When Graz University of Technology researcher Michael Schwarz first reached out to Intel, he thought he was about to ruin the company’s day. His team had found a problem with their chips, a vulnerability that was both profound and immediately exploitable. His team finished the exploit on December 3rd, a Sunday afternoon. Realizing the gravity of what they’d found, they emailed Intel immediately.
It would be nine days until Schwarz heard back. But when he got on the phone with someone from Intel, Schwarz got a surprise: the company already knew about the CPU problems and was desperately figuring out how to fix them. Moreover, the company was doing its best to make sure no one else found out. They thanked Schwarz for his contribution, but told him what he had found was top secret, and gave him a precise day when the secret could be revealed.
The flaw Schwarz — and, he learned, many others — had discovered was potentially devastating: a design-level chip flaw that could slow down every processor in the world, with no perfect fix short of a gut redesign. It affected almost every major tech company in the world, from Amazon’s server farms to the chipmakers like Intel and ARM. But Schwarz had also come up against a secondary problem: how do you keep a flaw this big a secret long enough for everyone involved to fix it?
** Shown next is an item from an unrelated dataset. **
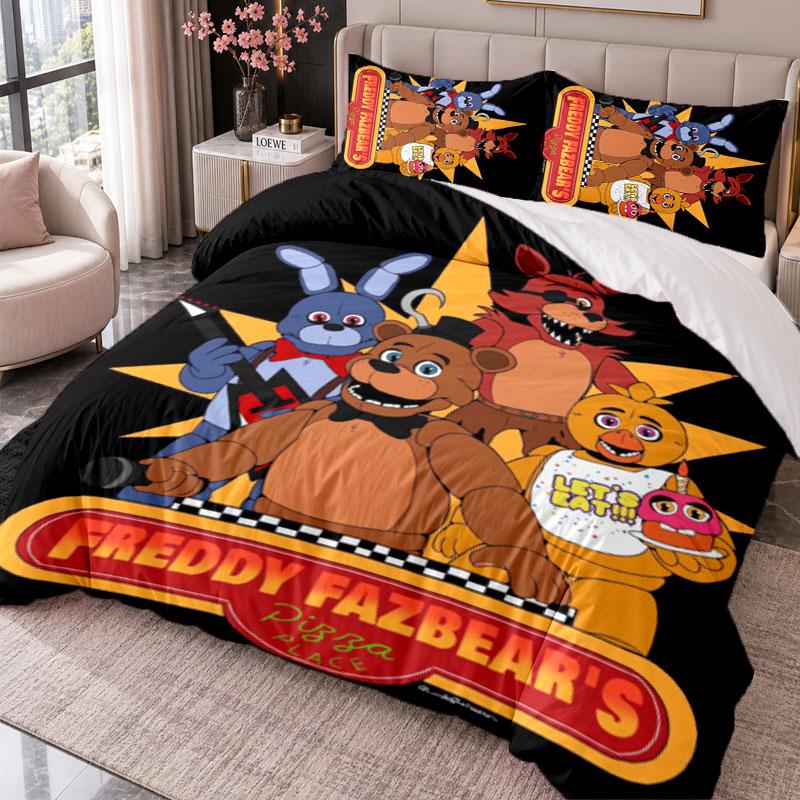 Five Nights at Freddy’s 3Pcs Bedding Set Duvet Cover With Two Pillowcases For Bedroom Home Decoration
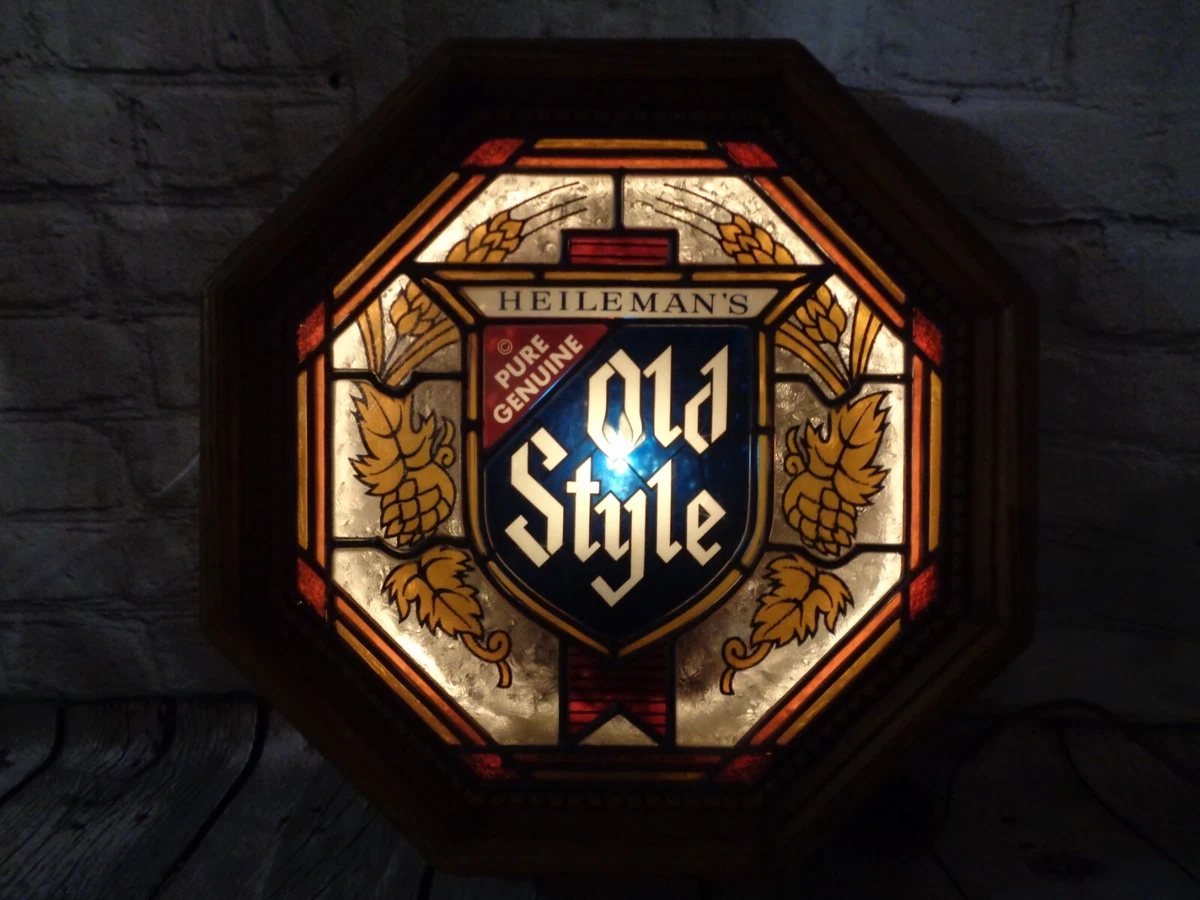 Heileman社OLD STYLE アンティークステンドグラス ライトサイン 【お得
Disclosure is an old problem in the security world. Whenever a researcher finds a bug, the custom is to give vendors a few months to fix the problem before it goes public and bad guys have a chance to exploit it. But as those bugs affect more companies and more products, the dance becomes more complex. More people need to be told and kept in confidence as more software needs to be quietly developed and pushed out. With Meltdown and Spectre, that multi-party coordination broke down and the secret spilled out before anyone was ready.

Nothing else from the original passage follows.